Hiding Complexity and Delegating Responsibility
Going back to metaphors and the black box, the cloud makes possible a unique way for people and businesses to deal with complexity and delegate responsibility. People and businesses often face a lot of challenges in acquiring as well as in managing technology and moving to the cloud reduces the variables to consider.
If you are running all or part of your operations in the Cloud, it automatically means you will need lesser technical expertise to manage business processes. This means lesser man-hours are needed to keep operations running.
It also means that there is less time investment in training required since you or your staff complement will have fewer responsibilities in as far as technological resource management is concerned. This also translates into lower costs than it would take to run all infrastructure and services on-site.

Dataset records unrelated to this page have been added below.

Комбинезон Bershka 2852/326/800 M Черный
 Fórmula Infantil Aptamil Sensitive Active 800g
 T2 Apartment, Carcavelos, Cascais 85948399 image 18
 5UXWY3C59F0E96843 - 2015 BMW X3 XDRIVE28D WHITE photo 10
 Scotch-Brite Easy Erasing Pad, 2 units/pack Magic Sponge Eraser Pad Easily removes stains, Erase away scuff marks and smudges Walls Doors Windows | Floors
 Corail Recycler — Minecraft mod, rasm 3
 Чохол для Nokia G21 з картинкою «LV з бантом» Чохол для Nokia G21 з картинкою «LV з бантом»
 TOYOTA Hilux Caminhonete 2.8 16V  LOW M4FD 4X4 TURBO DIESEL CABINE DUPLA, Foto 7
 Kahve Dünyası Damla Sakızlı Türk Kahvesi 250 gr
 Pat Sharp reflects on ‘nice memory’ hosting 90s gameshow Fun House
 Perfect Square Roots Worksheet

There is also the important matter of security. Pooling computing resources translates to a better strategy when addressing computer security threats. The reasoning behind this is that the responsibility of protecting computing resources from various threats is entrusted in the hands of specialists who can dedicate more resources to the effort of implementing security.
Deployment and Service Models
There are three main levels of deployment. The “private cloud” has cloud infrastructure operated solely for a single organization which may be managed internally or by a third-party. It can also be hosted either internally or externally.
In the case of a "public cloud" , services are rendered over an open network in public use and some services may be available for free. There is very little difference between public and cloud architecture, if any, even though the security models may be substantially different.
A “hybrid cloud” model incorporates the best of both private and public cloud architectures that merges two or more clouds.
Depending on needs, there are three primary service models to consider. With Infrastructure as a Service (IaaS, the consumer can deploy and run arbitrary software including operating systems and applications. The consumer does not manage or control the underlying cloud infrastructure but has control over operating systems, storage, and deployed applications.
With Platform as a Service (PaaS) the consumer has access to custom applications using choice programming languages tools. The consumer however does not manage or control the underlying cloud infrastructure including network, servers, operating systems, or storage.
Software as a Service (SaaS) is what most individuals and small business will use. The consumer niether manages or controls the underlying cloud infrastructure including servers, operating systems, storage or, with a few exceptions, not even the individual application capabilities.